*** EXTRACTED INFORMATION ***
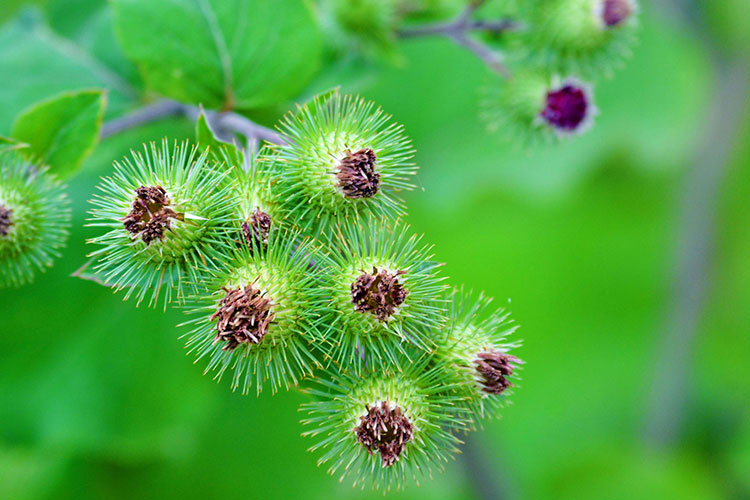 牛蒡子种植时间 大力子种植方法 牛蒡子种植技术 牛蒡子怎样种植才能高产 一亩牛蒡子种植成本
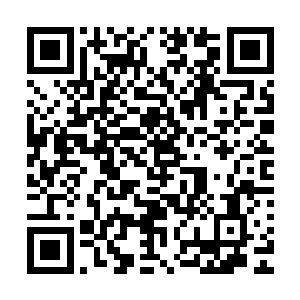 已经要请掌门人调拨能够最大限度克制这妖物的同门和法宝来二维码生成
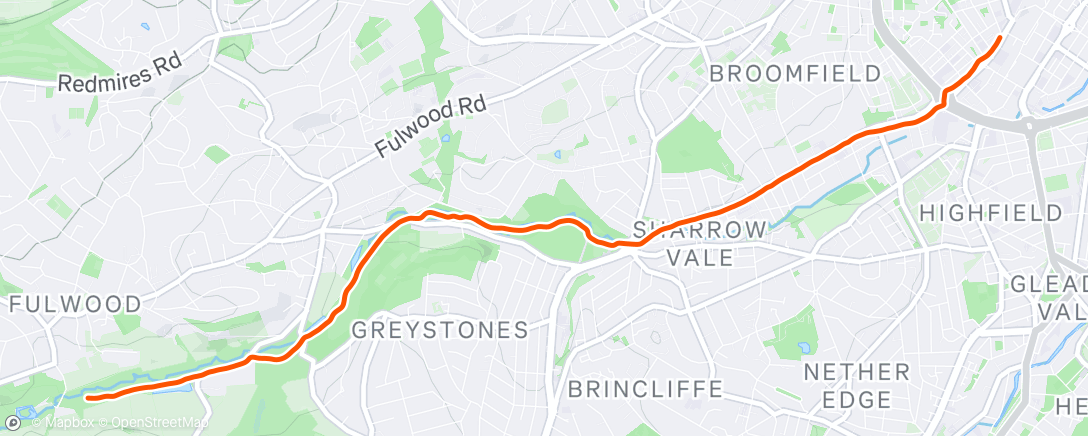 Map of the activity, Morning Run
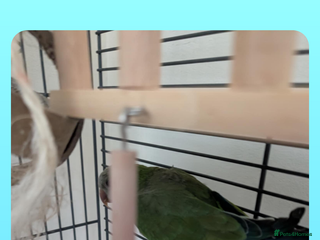 Parrots birds - Advert 26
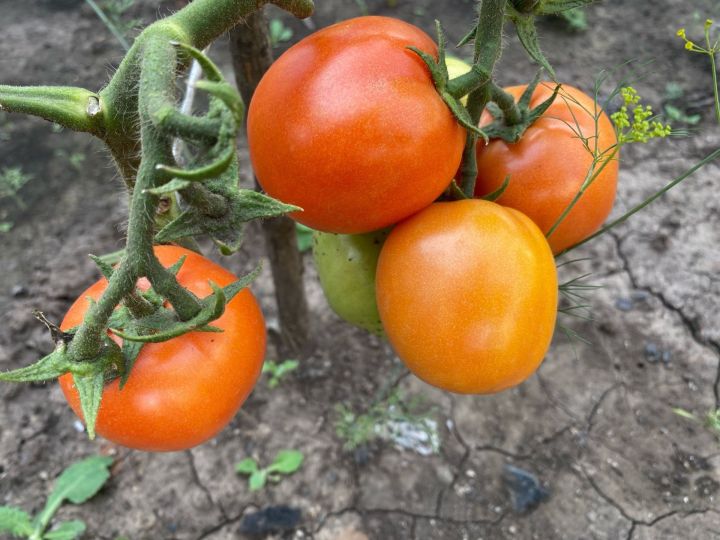 Теплицаны кышка ничек әзерләп калдырырга?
***
Within the entries above, the lines from the one with "已经要请掌门人调拨能够最大限度克制这妖物的同门和法宝来二维码生成" through the final line are to be printed exactly, with the pictures removed.

 已经要请掌门人调拨能够最大限度克制这妖物的同门和法宝来二维码生成
 Map of the activity, Morning Run
 Parrots birds - Advert 26
 Теплицаны кышка ничек әзерләп калдырырга?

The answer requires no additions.